Toespraak bij de Nationale herdenking bij het Indisch Monument op 15 augustus 2024


Toespraak Thom de Graaf, voorzitter Stichting Nationale Herdenking 15 augustus 1945, bij het begin van de herdenking bij het Indisch Monument in Den Haag op donderdag 15 augustus 2024.

“Zing maar zacht een liedje van verlangen
En zing het vaak, vooral in wintertijd
Als je door kou en weemoed wordt bevangen
Dat verlangen raak je nooit meer kwijt.”

Dit zong Wieteke van Dort ooit. Zij verwoordde het Indisch gevoel van zoveel mensen, of ze nu zelf ooit in het vroegere Nederlands-Indië hadden gewoond of alleen de geuren, de kleuren en de Indische warmte kenden uit de verhalen van oma’s en opa’s, vaders en moeders. Wieteke was een grote vriendin van de Nationale Herdenking 15 augustus 1945, en wij brengen haar een laatste groet.

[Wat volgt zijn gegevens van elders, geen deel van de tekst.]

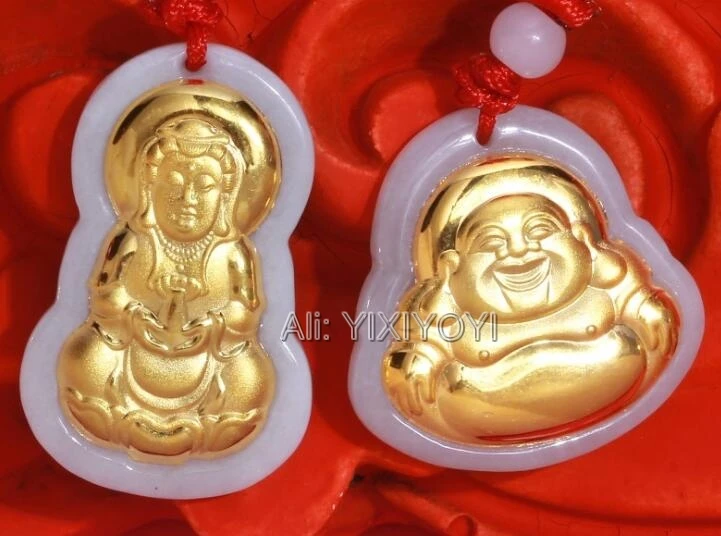 Natural White Grade A Jadeite jade + 18K Gold Chinese Blessing GuanYin Buddha Amulet Pendant + Free Necklace Jewelry Certificate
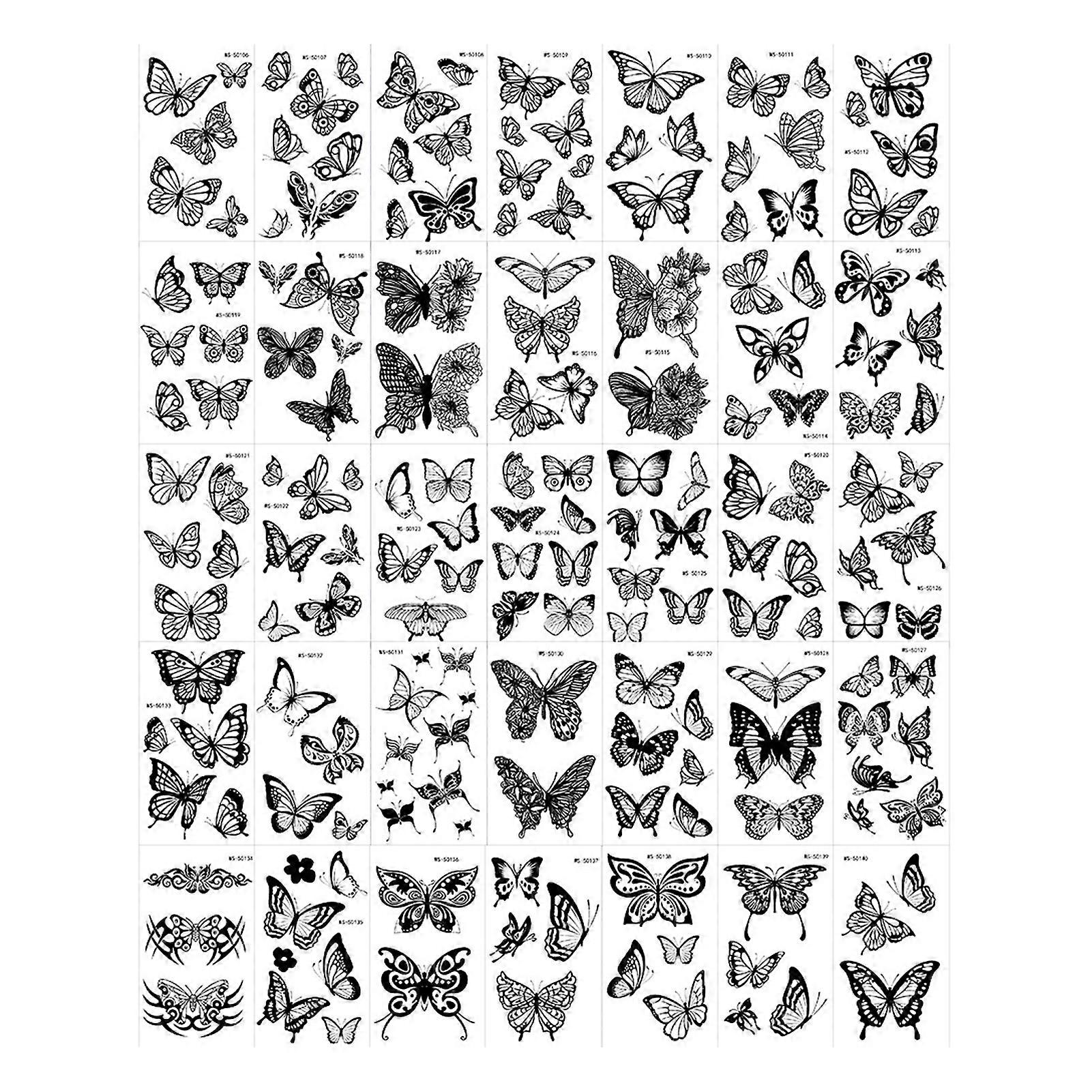 Butterfly Pattern Temporary Tattoos Sexy Butterfly Pattern Temp Tattoos Sticker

Iedereen hier bij het Indisch Monument in Den Haag, en iedereen die nu naar de televisie of de livestream kijkt: van harte welkom bij de Nationale Herdenking.

Ik verwelkom in het bijzonder minister-president Dick Schoof.

Maar ook zijn voorganger Mark Rutte, hier, samen met zijn familie, ergens tussen de duizenden mensen. Dank voor jouw grote betrokkenheid, al die lange jaren.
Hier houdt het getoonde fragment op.